Wir akzeptieren die Touristenarmut und beklagen uns nicht, stattdessen testen wir den Strand Blue-Lagoon. Auf den ersten Blick ist er wunderschön und einladend, also entkleide ich mich bis auf die Badehose. Dann versuche über glitschige Steine den unsichtbaren Löchern ausweichend, um so ins tiefere Wasser zu gelangen. Dabei falle ich fürchterlich auf die Fresse und gebe eine ungeschickte Figur ab, außerdem habe ich mir dabei zwei Finger der rechten Hand geprellt. Bin ich zu alt für derlei Darbietungen, und zu wackelig auf den Beinen?

„Das fängt ja gut an“, murmele ich mit Groll und lege meine Badewünsche an ad acta. Für die entgangenen Badefreuden kann mich höchstens ein gutes Essen endschädigen, welches ich mir in einem Restaurant mit relativ hohem Urlauberzuspruch erhoffe. Und das zurecht, denn hinterher stellen wir fest: Es war ein leckeres Hühnchen-Curry.

Nach dem Essen machen wir einen Rundgang durch die Botanik, dann lassen wir den Abend mit unserem Bier und Limo Gemisch in einem Lokal ausklingen. Der abwechslungsreiche und anstrengende Tag liegt hinter uns. Der zwingt uns relativ früh in unser Bett mit Moskitonetz. Doch auch hier in Padang Bai schläft meine Frau sehr schlecht. Sie wird von den Schiffssirenen der Fähren nach Lombok und zu den Gilis wachgehalten, und die tuten relativ häufig.

Den nächsten Tag beginnen wir mit Gelassenheit. Zuerst erstatten wir dem von mir nicht sonderlich geliebten Strand einen Besuch, immerhin sind die Voraussetzungen gut, um sich in der Sonne zu aalen.
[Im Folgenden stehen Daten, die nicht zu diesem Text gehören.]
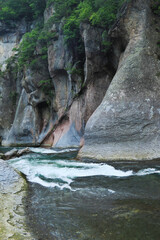 吹割の滝近くの渓流と奇岩
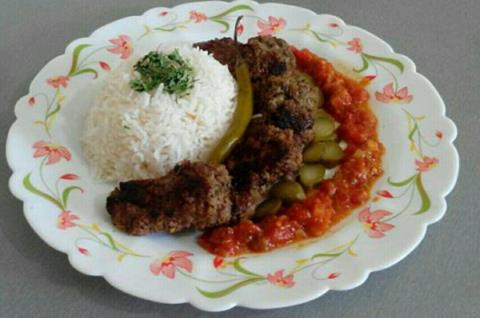 کباب ترک با سس مخصوص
Auf den Badehandtüchern liegend und in losgelöster Stimmung, gebe ich meinen Gedanken Freigang.

Herr im Himmel, mir geht es verdammt gut, schmeichelt mir mein Kopf. Meine körperliche Verfassung ist hervorragend. Ich bin bis auf die Prellungen beschwerdefrei, mein Herz hat die Qualität eines Jungspundes und mein Kreislauf gleicht dem eines Leistungssportlers, das hoffe ich zumindest. Und weiter denke ich: Wir werden ein gutes halbes Jahr unterwegs sein, insoweit ist alles easy. Wenn nicht auf Bali, wo sonst gelingt es mir, das Leben in vollen Zügen zu genießen. Im Sonnenparadies entgehen wir dem Horror der Berichterstattungen über den Zustand der Welt. Und sehe ich über die Schwachpunkte der Insel hinweg, dann werden wir beschauliche Tage im Einklang mit der Natur verbringen.

Als ich über den nächsten Tag nachdenke, beschließen wir einen Abstecher nach Ubud, das ist das künstlerische Mekka der Insel, prompt ordern wir die Mitfahrgelegenheit in einem Minibus mit einer Unkostenpauschale von zwölf Euro. Und die Formalitäten festgemacht, überrascht uns ein Regenschauer. Und der hat es in sich, sodass wir uns unterstellen. Doch das tun wir nicht lange, dann geht’s weiter durch den Regen, wobei ich den abkühlenden Schauer als angenehm empfinde, nach dem sonnenüberfluteten Strandaufenthalt. Ja, auch auf Bali regnet es ab und an, nicht nur in der Regenzeit.